Do not use the stt_destroy() function in a callback. Within a callback, the stt_destroy() function fails and returns STT_ERROR_OPERATION_FAILED.

Setting and Unsetting Callbacks

The enum values, as well as the parameter details, for the callback parameters are defined in the stt.h header file.

To set and unset callbacks:

The STT provides various callbacks to get the information, such as the recognition result, state changes, language changes, and errors.

Set the callbacks in the STT_STATE_CREATED state.

You can use the following callbacks:

State changed

If you set the state changed callback, it is invoked when the STT state changes.

/* Callback */
void
state_changed_cb(stt_h stt, stt_state_e previous, stt_state_e current, void* user_data)
{
    /* Your code */
}

/* Set */
void
set_state_changed_cb(stt_h stt)
{
    int ret;
    ret = stt_set_state_changed_cb(stt, state_changed_cb, NULL);
    if (STT_ERROR_NONE != ret)
        /* Error handling */
}

/* Unset */
void
unset_state_changed_cb(stt_h stt)
{
    int ret;
    ret = stt_unset_state_changed_cb(stt);
    if (STT_ERROR_NONE != ret)
        /* Error handling */
}

Default language changed

The default language of the STT is changed either when the system language is changed, or through the STT settings.
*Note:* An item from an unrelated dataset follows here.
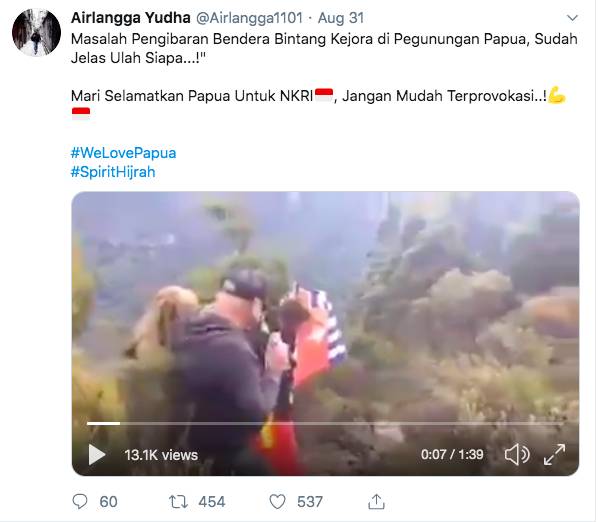 Twitter/@Airlangga1101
To get a notification of a language change, set the default language changed callback:

/* Callback */
void
default_language_changed_cb(stt_h stt, const char* previous_language,
                            const char* current_language, void* user_data)
{
    /* Your code */
}

/* Set */
void
set_default_language_changed_cb(stt_h stt)
{
    int ret;
    ret = stt_set_default_language_changed_cb(stt, default_language_changed_cb, NULL);
    if (STT_ERROR_NONE != ret)
        /* Error handling */
}

/* Unset */
void
unset_default_language_changed_cb(stt_h stt)
{
    int ret;
    ret = stt_unset_default_language_changed_cb(stt);
    if (STT_ERROR_NONE != ret)
        /* Error handling */
}

Recognition result

To get the STT recognition result, set the recognition result callback.

Within the callback, use the stt_foreach_detailed_result() function to trigger a result time callback that retrieves the time stamp of the current recognition result.
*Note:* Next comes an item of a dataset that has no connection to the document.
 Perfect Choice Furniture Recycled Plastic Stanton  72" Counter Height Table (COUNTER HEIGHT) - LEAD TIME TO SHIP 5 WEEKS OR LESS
/* Result time callback */
bool
result_time_cb(stt_h stt, int index, stt_result_time_event_e event, const char* text,
               long start_time, long end_time, void* user_data)
{
    /* Your code */
}

/* Recognition result callback */
void
recognition_result_cb(stt_h stt, stt_result_event_e event, const char** data,
                      int data_count, const char* msg, void* user_data)
{
    /* If you want to get time info of result */
    int ret;
    ret = stt_foreach_detailed_result(stt, result_time_cb, NULL);
    if (STT_ERROR_NONE != ret)
        /* Error handling */
    /* Your code */
}

/* Set */
void
set_recognition_result_cb(stt_h stt)
{
    int ret;
    ret = stt_set_recognition_result_cb(stt, recognition_result_cb, NULL);
    if (STT_ERROR_NONE != ret)
        /* Error handling */
}

/* Unset */
void
unset_recognition_result_cb(stt_h stt)
{
    int ret;
    ret = stt_unset_recognition_result_cb(stt);
    if (STT_ERROR_NONE != ret)
        /* Error handling */
}

Engine changed

If you set the engine change callback for the STT, it is invoked when the engine is changed by the STT:

/* Callback */
void
engine_changed_cb(stt_h stt, const char* engine_id, const char* language, bool support_silence,
                  bool need_credential, void* user_data)
{
    /* Your code */
}

/* Set */
void
set_engine_changed_cb(stt_h stt)
{
    int ret;
    ret = stt_set_engine_changed_cb(stt, engine_changed_cb, NULL);
    if (STT_ERROR_NONE != ret)
        /* Error handling */
}

/* Unset */
void
unset_engine_changed_cb(stt_h stt)
{
    int ret;
    ret = stt_unset_engine_changed_cb(stt);
    if (STT_ERROR_NONE != ret)
        /* Error handling */
}

Error

When an error occurs, the STT library sends an error message using a callback:

/* Callback */
void
error_cb(stt_h stt, stt_error_e reason, void* user_data)
{
    /* Your code */
}

/* Set */
void
set_error_cb(stt_h stt)
{
    int ret;
    ret = stt_set_error_cb(stt, error_cb, NULL);
    if (STT_ERROR_NONE != ret)
        /* Error handling */
}

/* Unset */
void
unset_error_cb(stt_h stt)
{
    int ret;
    ret = stt_unset_error_cb(stt);
    if (STT_ERROR_NONE != ret)
        /* Error handling */
}

Getting Information

To obtain the current STT state, the list of supported languages, and the current language:

Get the current state using the stt_get_state() function.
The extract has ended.